La spinta green delle raffinerie europee
La normativa sulle emissioni non guarda alla qualità ambientale del carburante
Le raffinerie europee dicono: la normativa sulle emissioni si ferma al tubo di scappamento dell’auto e non guarda la qualità ambientale del carburante. E questo frena chi vuole investire in carburanti puliti che potrebbero dare un contributo immediato all’ambiente e a basso costo in attesa che l’auto elettrica sia una tecnologia disponibile per tutti. È questo uno dei temi di un documento pubblicato in questi giorni da Fuels Europe, l’associazione delle 40 compagnie petrolifere del “downstream”, cioè la filiera industriale che, escludendo i giacimenti, va dalle raffinerie fino al serbatoio dell’auto. Ma la scelta di investire è presa. È il caso delle bioraffinerie di Gela e di Venezia Marghera, che l’Eni alimenta non più con petrolio bensì con olio di palma ma fra tre anni questa materia prima sarà sostituita da altre alimentazioni a minore impatto. Oppure in Austria una raffineria estrae carburanti partendo dai rifiuti plastici. La Exxon Mobil guarda alle alghe.
Carburanti senza petrolio
Conferma da Bruxelles il direttore della Fuels Europe, l’italiano Alessandro Bartelloni, che fra gli obiettivi dei raffinatori è arrivare ai carburanti bio e di sintesi che riciclano la CO2 dell’aria, invece di aggiungervi il carbonio estratto dai giacimenti sepolti nel sottosuolo.
«Ci sono già le tecnologie per ricostruire per sintesi gli idrocarburi partendo da idrogeno pulito e da carbonio estratto dall’aria. L’obiettivo è offrire al consumatore europeo la possibilità di scegliere in che modo aiutare l’ambiente senza interrompere la sua libertà di muoversi e a un costo sostenibile. In attesa che le auto elettriche arrivino per tutti, intanto possiamo subito ridurre le emissioni di CO2. E questi carburanti serviranno comunque per aerei, navi e camion » .
Ma secondo Bartelloni le tecnologie dei carburanti puliti sono frenate dalla legislazione europea. Esistono già le tecnologie per estrarre le materie prime dall’aria, dall’acqua, dai rifiuti, dalle biomasse, dal ricino con cui sintetizzare combustibili che non aggiungono CO2 all’atmosfera.
Il tubo di scappamento
« Purtroppo la scala dimensionale è ancora limitata perché la tecnologia è giovane ma soprattutto perché non ci sono le condizioni legislative che diano all’investitore un ritorno sull’investimento » , aggiunge Bartelloni.
Un impianto per produrre su scala industriale un idrocarburo sintetico da fonti non fossili può costare un miliardo.

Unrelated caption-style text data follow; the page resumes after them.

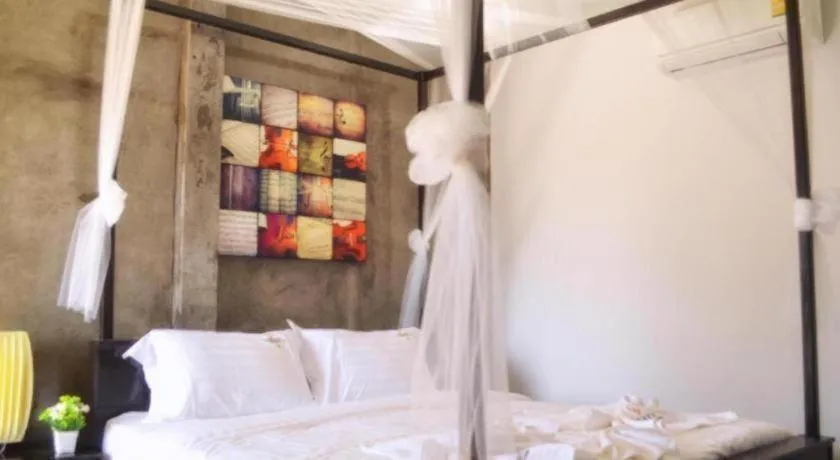 Bed in The Key Hotel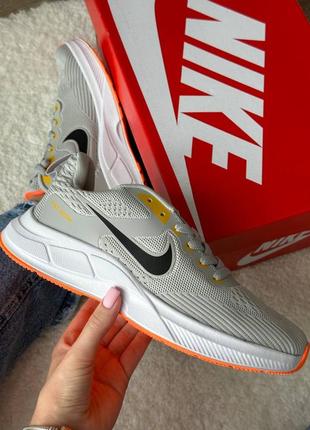 Nike кросівки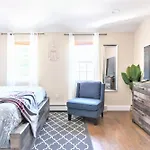 Guest Suit With Hot Tub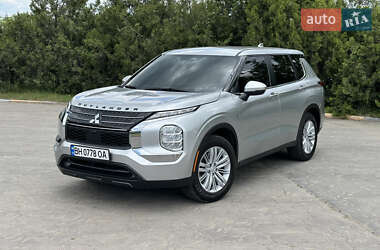 Внедорожник / Кроссовер Mitsubishi Outlander 2021 в 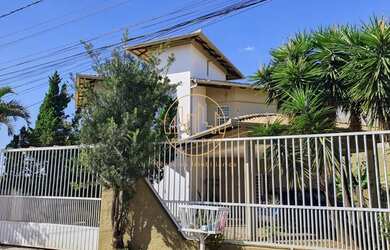 Imagem: A casa possui 4 Dormitórios, 4 Banheiros, 4 Vagas na garagem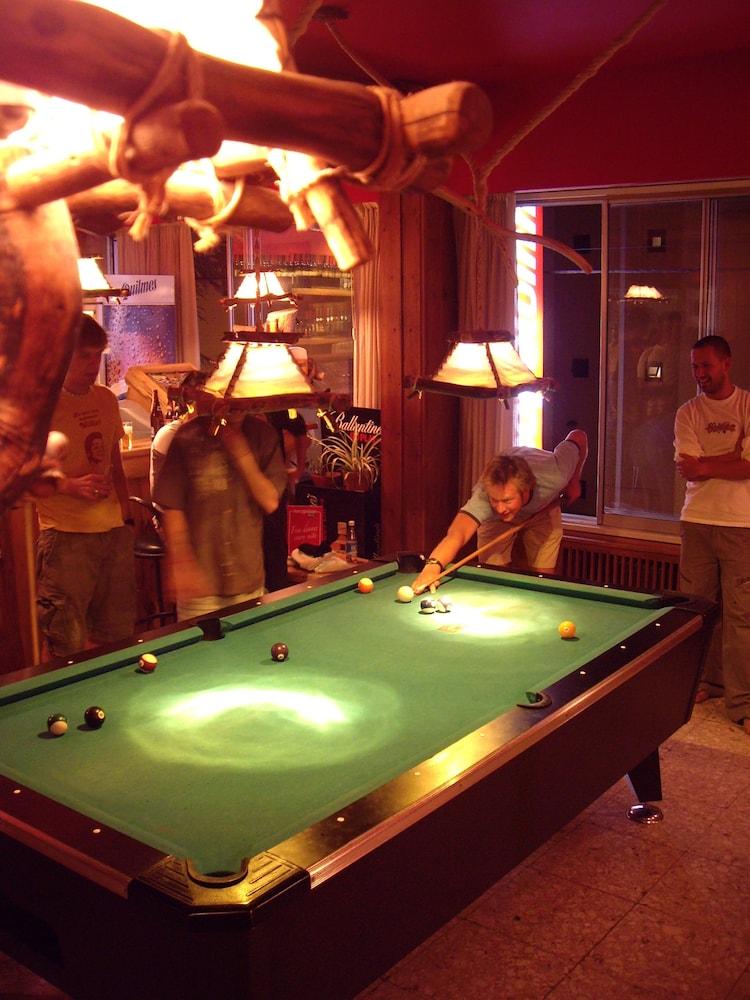 Marcopolo (adults Only) Hostel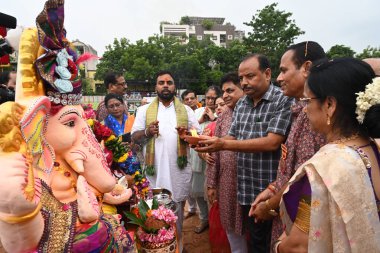 NEW DELHI INDIA SEPTEMBER 7 2024 Dindar Shobha Kalash Yaatra ve Mangal Murti Sthapna Delhi ka Maharaja 23. Ganesh Mahotsav 2024 Lovely Public School 'dan DDA Mini Kriket Stadyumu Enclave Laxmi Nagar Doğu Delhi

«Servono un mercato e una legislazione che riconoscano il beneficio di questi carburanti. Nella legislazione europea per le auto e i camion viene definito lo standard di grammi di CO2 per chilometro percorso. Questa emissione è indipendente dal tipo di alimentazione: se vengono rifornite con alcol o con un altro carburante non petrolifero, queste auto emettono CO2 a impatto zero perché non è anidride carbonica aggiuntiva estratta dal sottosuolo ma la stessa CO2 che era stata assorbita dall’atmosfera dalle piante che ho usato per produrre l’alcol. Invece oggi l’impegno è tutto mirato sul produttore di auto, sul tubo di scappamento, e non c’è alcun incentivo affinché il produttore di carburanti investa per ridurre la CO2», aggiunge il direttore di Fuels Europe.
La scelta dei consumatori
La strada comunque è segnata, come hanno dimostrato gli impegni e la ricerca di molte compagnie. È anche una scelta resa prevedibile dal fatto che la domanda petrolifera si sta riducendo e le raffinerie si affacciano davanti a un eccesso di capacità di produzione e di raffinazione che non s’era mai visto prima.
Conclude Bartelloni: « Se è disponibile un carburante liquido a bassa emissione, lo si può sostituire subito sull’infrastruttura che esiste già e sui mezzi che ci sono già. Tubazioni, serbatoi, benzinai, automobili: è sufficiente solo cambiare quello che scorre dentro per avere un beneficio ambientale immediato». In attesa che l’auto elettrica sia disponibile per tutti.